Mientras esperaban sentados en la barra el tipo le dijo que aquella mañana había muerto en las afueras de Chicago el encargado de la subsección de boxeo. La subsección de boxeo, en realidad, era un eufemismo que designaba únicamente al tipo muerto.

– ¿Cómo murió? -preguntó Fate.

– Lo mataron a cuchilladas unos negros de Chicago -dijo el otro.

El camarero puso sobre la barra una hamburguesa. Fate se bebió la cerveza, le dio una palmada en el hombro y dijo que se tenía que marchar. Cuando llegó a la puerta de cristal se dio la vuelta y contempló el restaurante a rebosar de clientes y la espalda del tipo que trabajaba en deportes y a la gente que estaba acompañada y que hablaba o comía mirándose a los ojos y a los tres camareros que jamás se estaban quietos. Después abrió la puerta, salió a la calle, volvió a mirar hacia el interior del restaurante, pero con los cristales de por medio todo era diferente.

Echó a andar.

– ¿Cuándo piensas ponerte en camino, Oscar? -le dijo el jefe de su sección.

– Mañana.

– ¿Tienes todo lo que necesitas, tienes todo preparado?

– Ningún problema, hombre -dijo Fate-. Todo dispuesto.

– Así me gusta, muchacho -dijo el jefe-. ¿Te enteraste de que se cargaron a Jimmy Lowell?

– Algo oí.

– Fue en Paradise City, cerca de Chicago -dijo el jefe-. Dicen que Jimmy tenía allí una zorra. Una nena veinte años menor que él y casada.

– ¿Qué edad tenía Jimmy? -preguntó Fate sin ningún interés.

– Debía de andar por los cincuentaicinco -dijo el jefe-. La policía ha detenido al marido de la zorra, pero nuestro hombre en Chicago dice que probablemente ella también está implicada en el asesinato.

– ¿Jimmy no era un tipo grande, de unos cien kilos de peso? -dijo Fate.
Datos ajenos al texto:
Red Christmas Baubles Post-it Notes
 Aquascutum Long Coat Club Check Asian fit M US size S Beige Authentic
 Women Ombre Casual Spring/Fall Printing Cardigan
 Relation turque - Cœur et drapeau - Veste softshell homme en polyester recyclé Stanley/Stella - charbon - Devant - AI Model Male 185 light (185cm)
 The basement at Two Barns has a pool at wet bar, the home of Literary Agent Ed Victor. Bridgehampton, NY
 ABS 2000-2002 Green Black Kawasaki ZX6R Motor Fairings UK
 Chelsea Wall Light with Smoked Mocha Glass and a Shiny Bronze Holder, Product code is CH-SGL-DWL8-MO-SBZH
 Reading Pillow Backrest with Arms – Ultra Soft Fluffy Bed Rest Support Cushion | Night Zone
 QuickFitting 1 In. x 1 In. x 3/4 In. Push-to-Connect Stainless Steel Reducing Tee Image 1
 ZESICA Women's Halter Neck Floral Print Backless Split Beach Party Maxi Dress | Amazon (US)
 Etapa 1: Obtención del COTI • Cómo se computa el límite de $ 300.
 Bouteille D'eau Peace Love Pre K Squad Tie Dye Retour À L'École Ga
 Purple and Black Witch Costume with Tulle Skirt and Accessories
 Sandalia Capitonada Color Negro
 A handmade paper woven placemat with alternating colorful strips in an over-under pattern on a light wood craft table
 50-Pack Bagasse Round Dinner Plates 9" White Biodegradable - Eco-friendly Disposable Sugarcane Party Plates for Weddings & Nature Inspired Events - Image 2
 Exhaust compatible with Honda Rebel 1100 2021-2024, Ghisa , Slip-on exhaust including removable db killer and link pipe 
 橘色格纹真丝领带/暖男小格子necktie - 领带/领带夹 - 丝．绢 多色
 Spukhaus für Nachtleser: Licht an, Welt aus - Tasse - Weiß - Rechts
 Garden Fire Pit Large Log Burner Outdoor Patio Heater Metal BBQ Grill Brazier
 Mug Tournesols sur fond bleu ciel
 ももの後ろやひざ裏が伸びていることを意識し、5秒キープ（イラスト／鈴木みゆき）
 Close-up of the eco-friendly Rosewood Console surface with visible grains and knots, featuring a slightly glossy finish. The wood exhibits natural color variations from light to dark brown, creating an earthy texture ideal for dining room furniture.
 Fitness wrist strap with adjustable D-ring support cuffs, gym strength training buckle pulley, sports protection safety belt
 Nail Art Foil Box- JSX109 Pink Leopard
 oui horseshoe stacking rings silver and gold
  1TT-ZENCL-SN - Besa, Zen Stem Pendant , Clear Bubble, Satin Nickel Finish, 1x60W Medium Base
– No, Jimmy no era grande y tampoco pesaba cien kilos.

Era un tipo de un metro setenta, aproximadamente, y de unos ochenta kilos de peso -dijo el jefe.

– Lo he confundido con otro -dijo Fate-, un tipo grande que a veces comía con Remy Burton y al que me encontraba de tanto en tanto en el ascensor.

– No -dijo el jefe-, Jimmy casi nunca venía a las oficinas, siempre estaba de viaje, sólo aparecía por aquí una vez al año, creo que vivía en Tampa, o puede que ni siquiera tuviera una casa y se pasara la vida en hoteles y aeropuertos.